Directions: Skip the pictures and give back the rest of the listing exactly.

Data records:
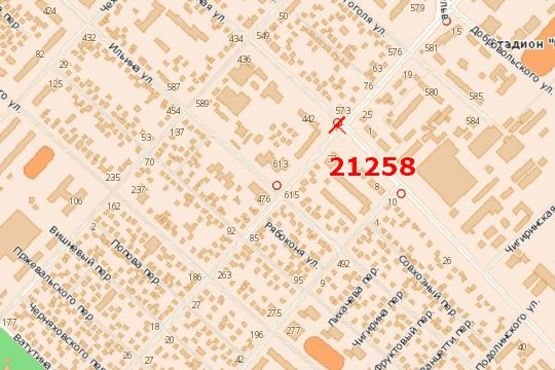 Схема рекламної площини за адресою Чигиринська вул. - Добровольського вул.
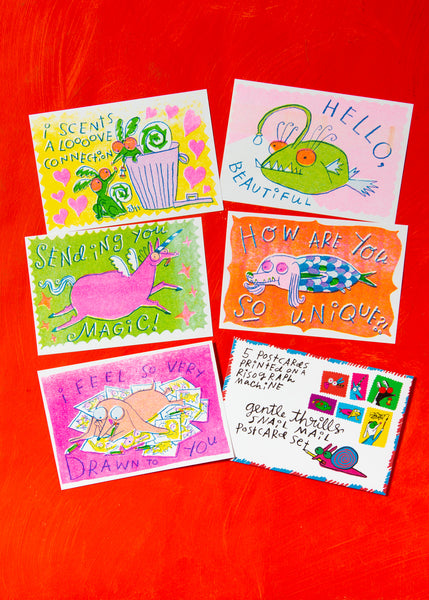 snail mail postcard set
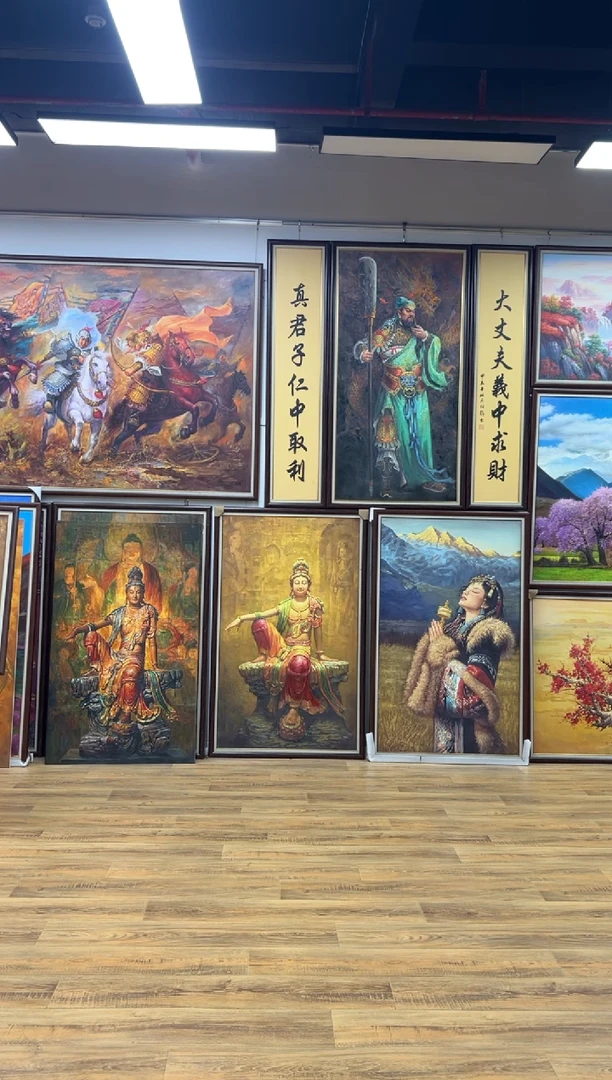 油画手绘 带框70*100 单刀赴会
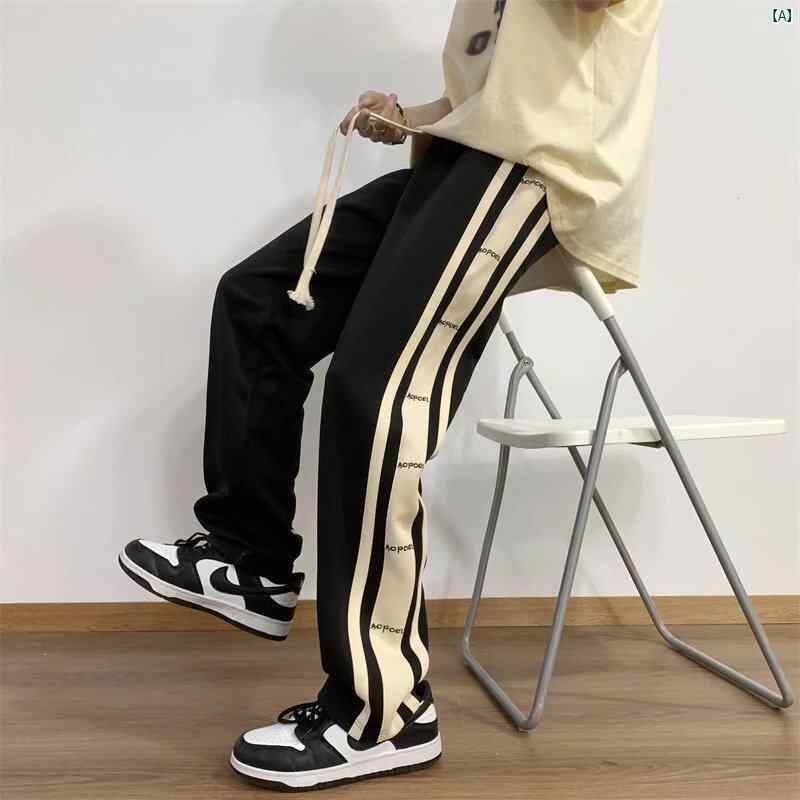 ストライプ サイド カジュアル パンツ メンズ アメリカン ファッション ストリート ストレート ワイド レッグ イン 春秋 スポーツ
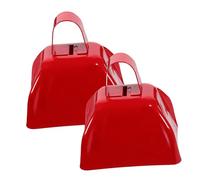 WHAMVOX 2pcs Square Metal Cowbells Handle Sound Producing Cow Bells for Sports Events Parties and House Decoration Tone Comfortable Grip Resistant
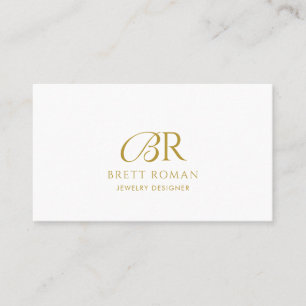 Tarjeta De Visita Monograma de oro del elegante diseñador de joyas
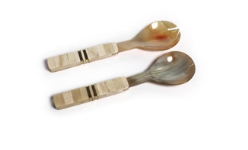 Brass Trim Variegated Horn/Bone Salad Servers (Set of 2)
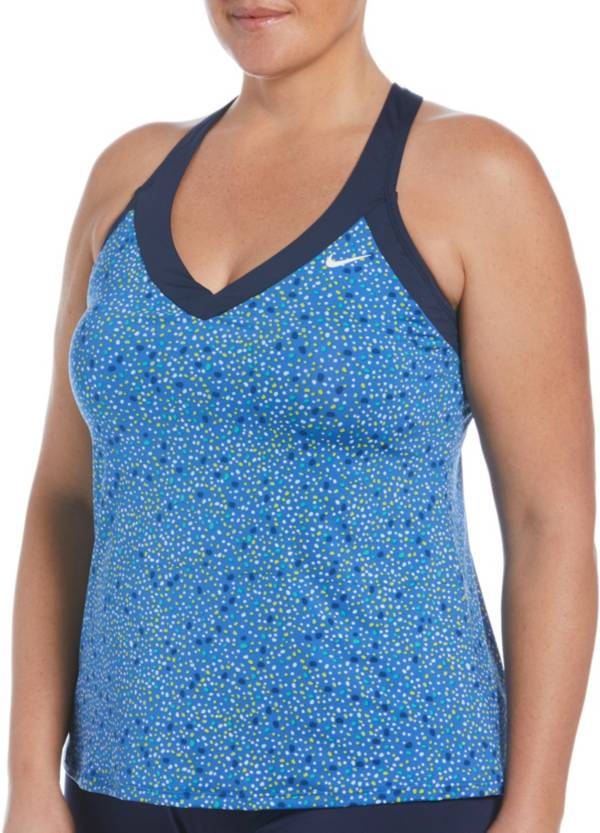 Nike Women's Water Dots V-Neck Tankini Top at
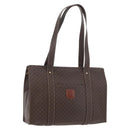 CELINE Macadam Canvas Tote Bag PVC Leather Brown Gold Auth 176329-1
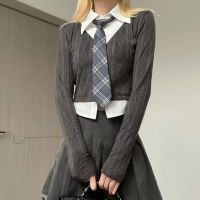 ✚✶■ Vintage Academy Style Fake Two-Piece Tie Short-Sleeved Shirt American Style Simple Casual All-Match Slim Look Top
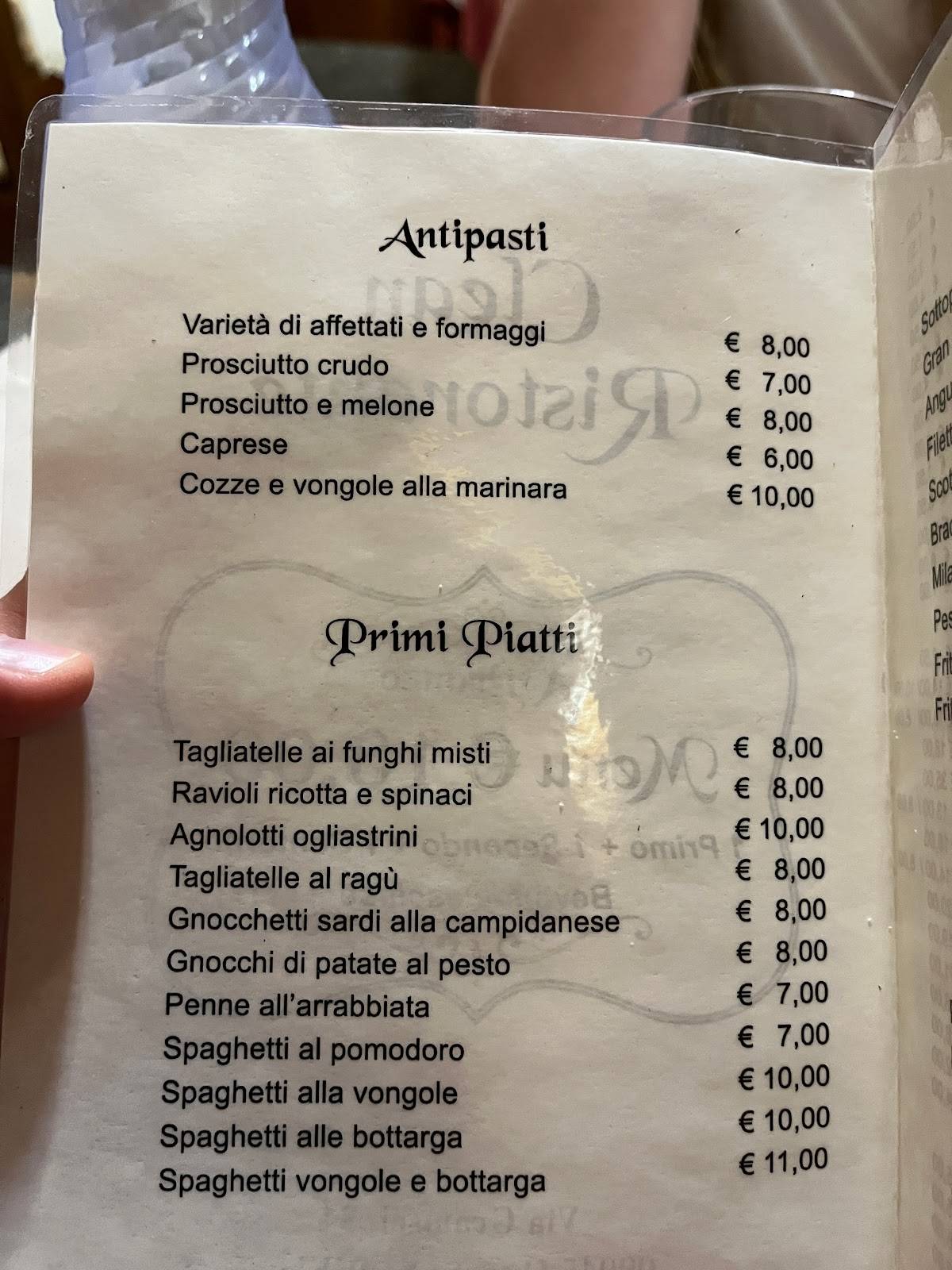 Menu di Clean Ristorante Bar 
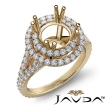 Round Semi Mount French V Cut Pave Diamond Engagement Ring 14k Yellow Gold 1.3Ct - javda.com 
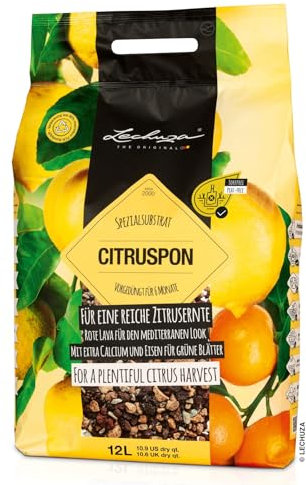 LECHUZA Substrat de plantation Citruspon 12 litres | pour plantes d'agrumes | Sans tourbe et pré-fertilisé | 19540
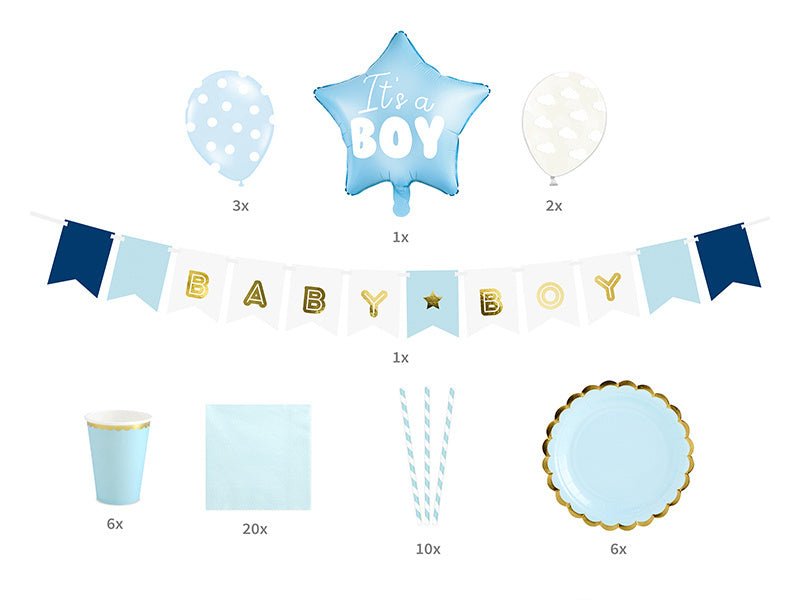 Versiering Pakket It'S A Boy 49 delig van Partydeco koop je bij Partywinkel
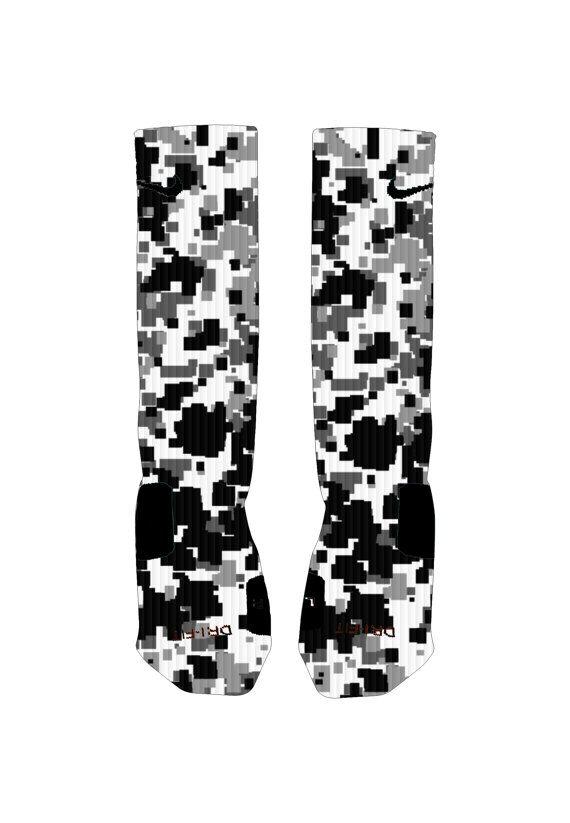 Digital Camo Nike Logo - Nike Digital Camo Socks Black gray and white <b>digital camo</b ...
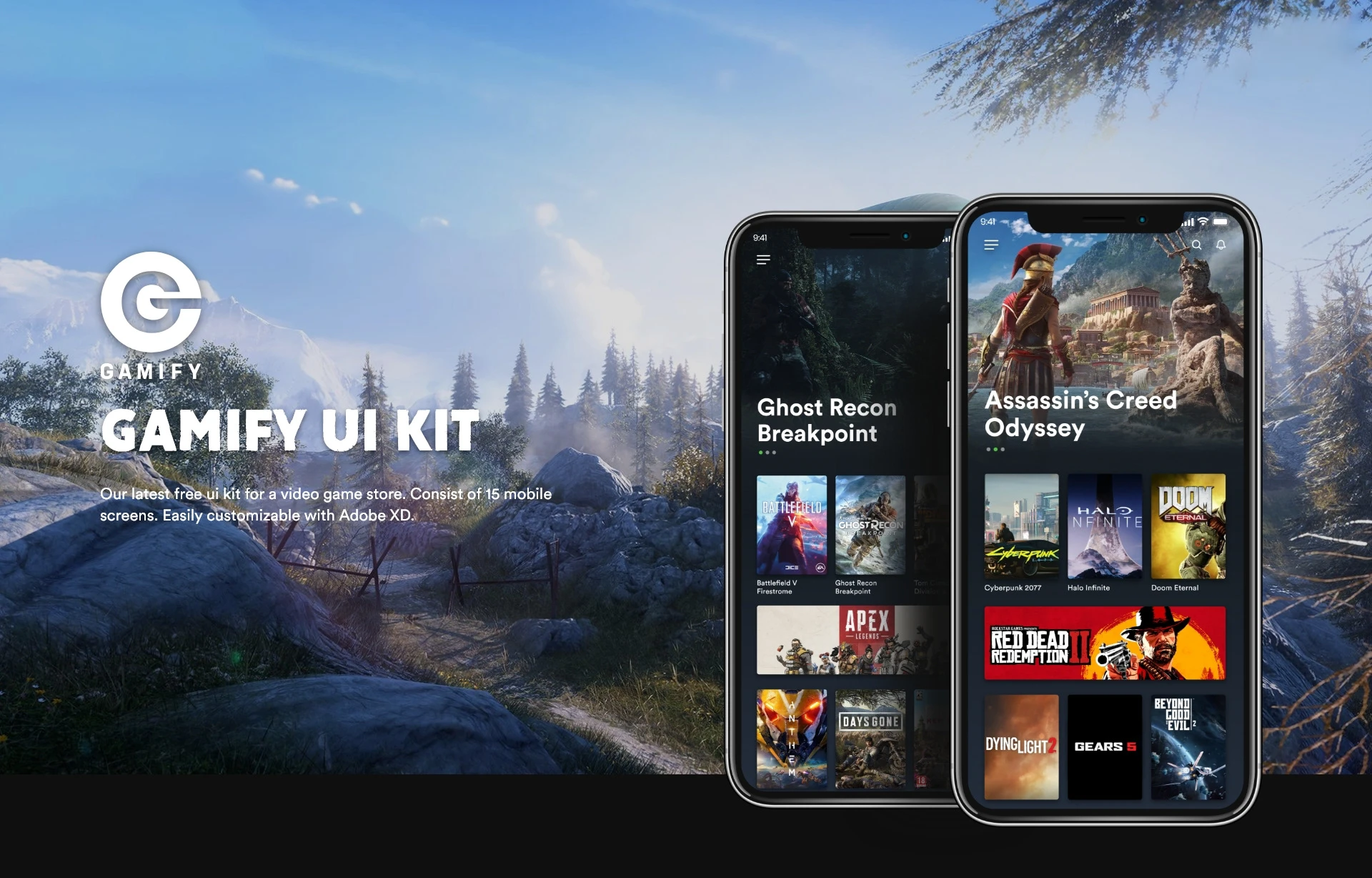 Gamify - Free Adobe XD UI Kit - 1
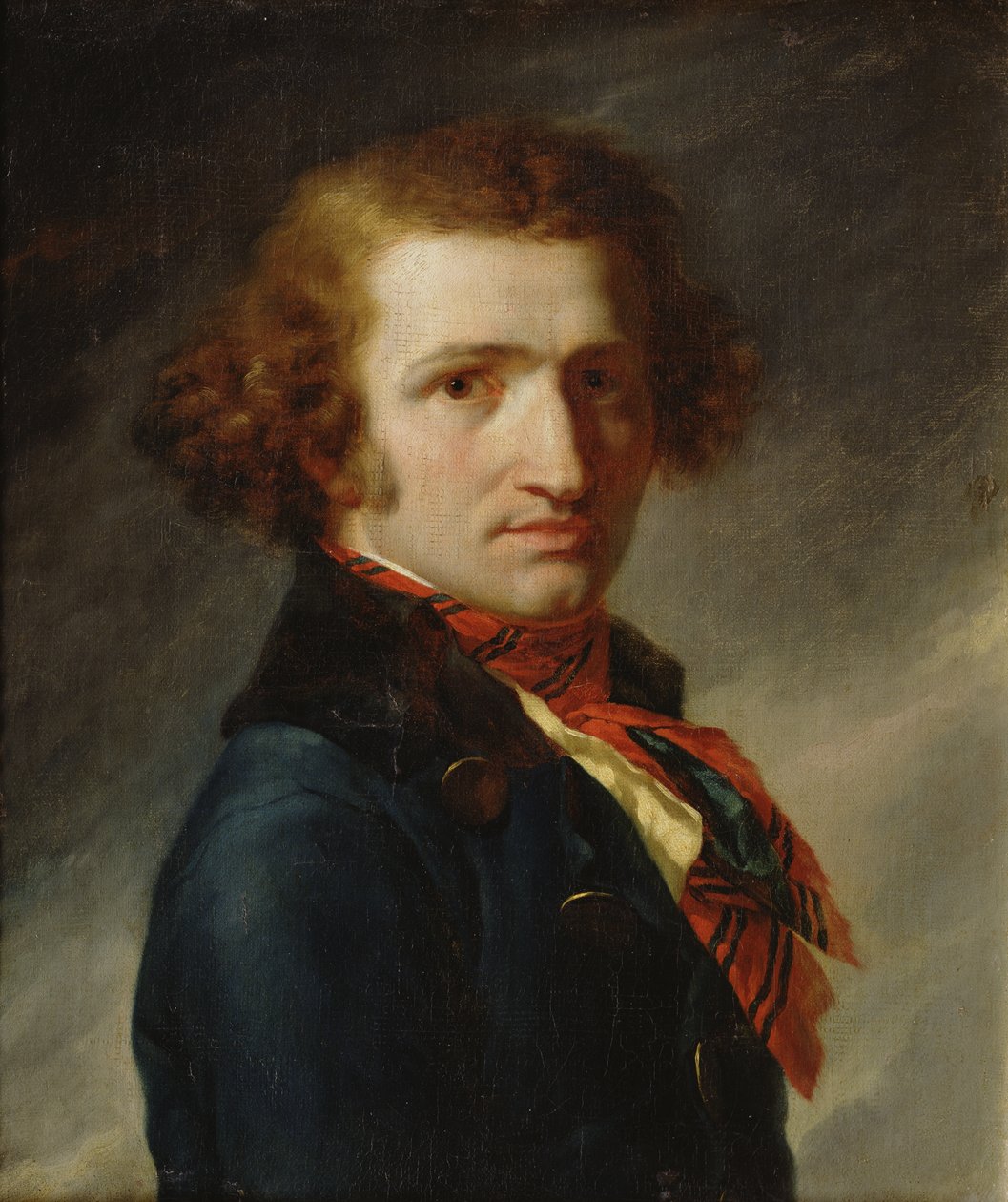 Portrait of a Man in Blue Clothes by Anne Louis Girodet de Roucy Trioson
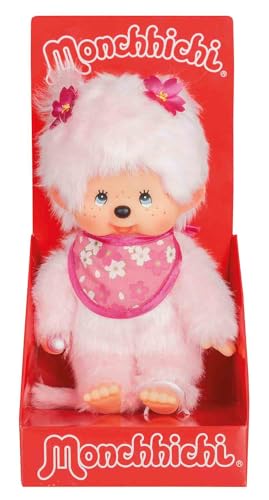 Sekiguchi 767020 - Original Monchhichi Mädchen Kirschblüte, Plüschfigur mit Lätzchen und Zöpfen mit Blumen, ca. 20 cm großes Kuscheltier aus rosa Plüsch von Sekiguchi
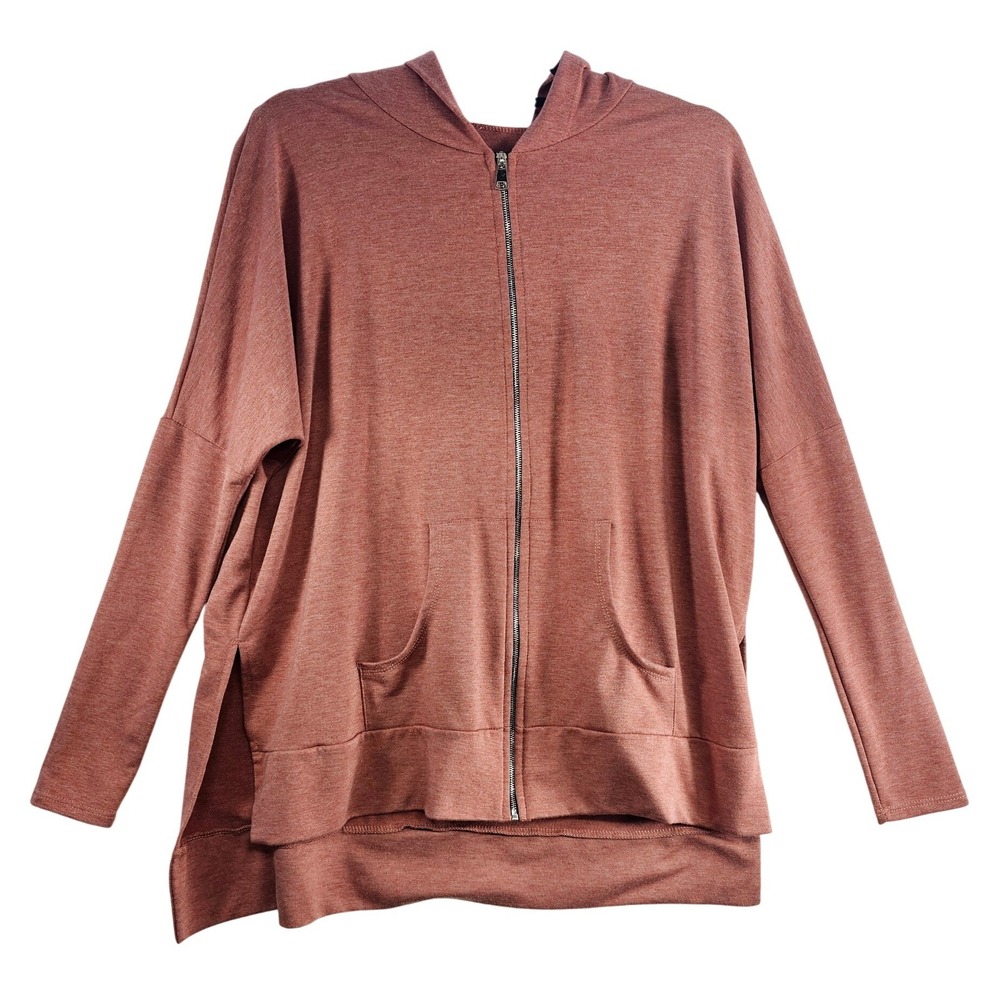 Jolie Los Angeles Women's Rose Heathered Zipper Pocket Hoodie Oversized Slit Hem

Answer to this task:
 Схема рекламної площини за адресою Чигиринська вул. - Добровольського вул.
 snail mail postcard set
 油画手绘 带框70*100 单刀赴会
 ストライプ サイド カジュアル パンツ メンズ アメリカン ファッション ストリート ストレート ワイド レッグ イン 春秋 スポーツ
 WHAMVOX 2pcs Square Metal Cowbells Handle Sound Producing Cow Bells for Sports Events Parties and House Decoration Tone Comfortable Grip Resistant
 Tarjeta De Visita Monograma de oro del elegante diseñador de joyas
 Brass Trim Variegated Horn/Bone Salad Servers (Set of 2)
 Nike Women's Water Dots V-Neck Tankini Top at
 CELINE Macadam Canvas Tote Bag PVC Leather Brown Gold Auth 176329-1
 ✚✶■ Vintage Academy Style Fake Two-Piece Tie Short-Sleeved Shirt American Style Simple Casual All-Match Slim Look Top
 Menu di Clean Ristorante Bar 
 Round Semi Mount French V Cut Pave Diamond Engagement Ring 14k Yellow Gold 1.3Ct - javda.com 
 LECHUZA Substrat de plantation Citruspon 12 litres | pour plantes d'agrumes | Sans tourbe et pré-fertilisé | 19540
 Versiering Pakket It'S A Boy 49 delig van Partydeco koop je bij Partywinkel
 Digital Camo Nike Logo - Nike Digital Camo Socks Black gray and white <b>digital camo</b ...
 Gamify - Free Adobe XD UI Kit - 1
 Portrait of a Man in Blue Clothes by Anne Louis Girodet de Roucy Trioson
 Sekiguchi 767020 - Original Monchhichi Mädchen Kirschblüte, Plüschfigur mit Lätzchen und Zöpfen mit Blumen, ca. 20 cm großes Kuscheltier aus rosa Plüsch von Sekiguchi
 Jolie Los Angeles Women's Rose Heathered Zipper Pocket Hoodie Oversized Slit Hem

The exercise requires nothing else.